During the last three and a half years of his time on Earth, Jesus was given access to God’s power to a greater extent than any other human being before him.
He could heal sicknesses and injuries, disabilities and mental illnesses.
He could produce enormous quantities of food from nothing.
He could even raise dead people back to life.
He had overwhelming compassion for the suffering of men, women and children he came into contact with, and was always willing to help them.
Yet there were times when Jesus refused to use the power he’d been given.
He used it for two reasons: to show love and care to people who trusted him and to provide evidence that he was uniquely qualified to communicate a message on God’s behalf.
He never used it to make his own life easier.
The New Testament records of his life give us examples of when he was tempted to do that.
When he first received God’s power he spent a considerable amount of time alone praying and ritually fasting (going without food) to prepare himself for what lay ahead.
Matthew’s record of Jesus’ life describes it like this:
Then Jesus was led by the Spirit into the wilderness to be tempted by the devil. After fasting forty days and forty nights, he was hungry. The tempter came to him and said, “If you are the Son of God, tell these stones to become bread.” Jesus answered, “It is written: ‘Man shall not live on bread alone, but on every word that comes from the mouth of God.’”
Then the devil took him to the holy city and had him stand on the highest point of the temple. “If you are the Son of God,” he said, “throw yourself down. For it is written: “He will command his angels concerning you, and they will lift you up in their hands, so that you will not strike your foot against a stone.” Jesus answered him, “It is also written: ‘Do not put the Lord your God to the test.’”
Again, the devil took him to a very high mountain and showed him all the kingdoms of the world and their splendor. “All this I will give you,” he said, “if you will bow down and worship me.”
Jesus said to him, “Away from me, Satan! For it is written: ‘Worship the Lord your God, and serve him only.’”
Then the devil left him, and angels came and attended him. (Matthew 4:1-11)
During this time Jesus was tempted in three ways.
First, to use God’s power to produce some food to satisfy his hunger.
Second, to use God’s power to perform an undeniable public miracle so that everyone would have to believe in him.
Third, to use God’s power to overcome the military and political powers of the known world and set himself up as a ruler in God’s name.
Jesus refused to do any of those things. Why? Because they were primarily temptations to make his own life easier.
Providing himself with food would have satisfied his body’s cravings but reduced the effectiveness of his ritual preparation.
Performing a huge public miracle would have convinced the people he was sent by God but that didn’t mean the people would have listened to what he actually said or changed their hearts accordingly.

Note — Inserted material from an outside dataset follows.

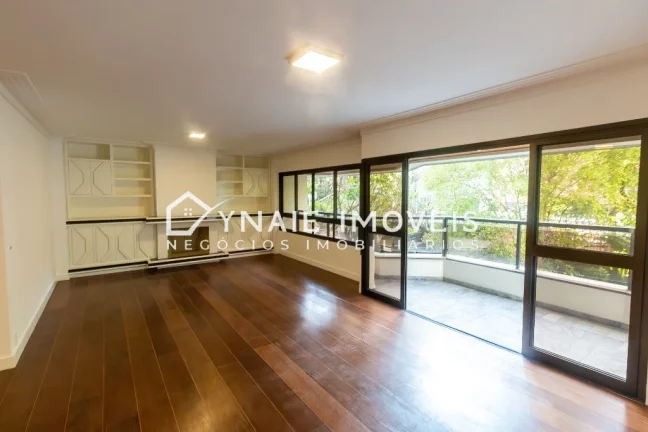 Imagem Impecável apartamento de alto padrão com 4 quartos e 3 vagas de garagem no Jardim Paulista, São Paulo-SP!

Overcoming the world powers would have got rid of a lot of evil and suffering in the world but it would also have destroyed any hope for us of an even better world to come in the future, since that required Jesus to die as a sacrifice first.

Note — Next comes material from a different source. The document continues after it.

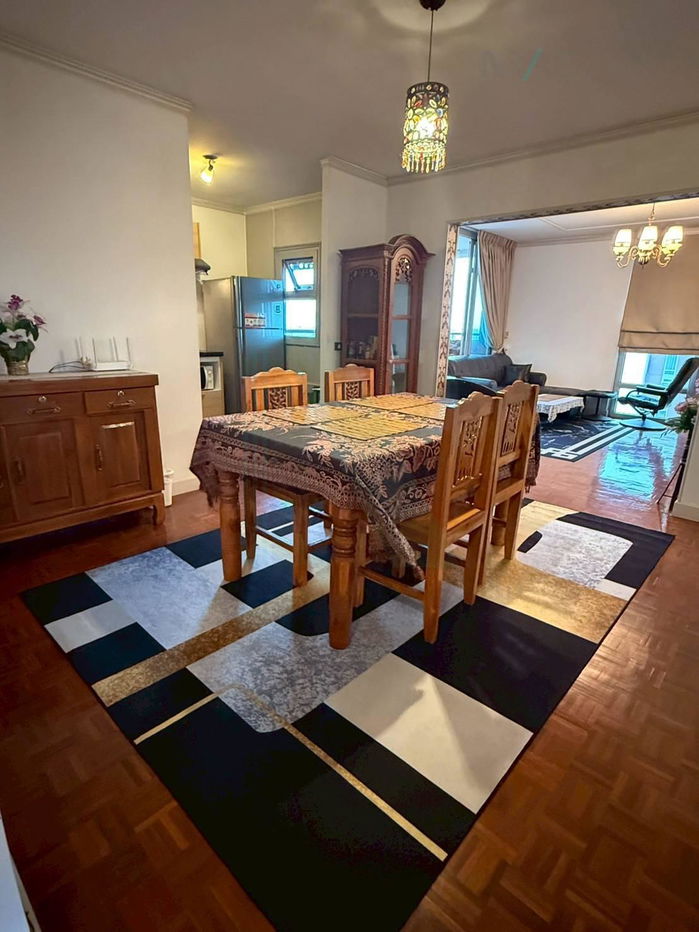 picture 📌 For Rent Condo RIVIERA UP Building 3, Floor 28,3 bed room, Room size 118 sqm - 6/8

Jesus always kept his focus on those two things: first, preparing people’s hearts and minds for the new world to come; and second, showing them an example of love and care and self-sacrifice so that they would be inspired to change.
As Christians today we don’t have access to the sort of power Jesus did, but we have all been given other things by God, whether money or ability or time or energy or relationships. We are all able to apply these to the same priorities in life that Jesus did.
First, doing anything we can to teach people about the new world to come and what life with Jesus will be like.
Second, doing anything we can to show the same sort of love and self-sacrifice that Jesus did.
We won’t achieve those things nearly to the same extent that he did and there will be many times when even the best of us fail, but if we admit our mistakes and try to change for the better then God will forgive us because of Jesus’ sacrificial death.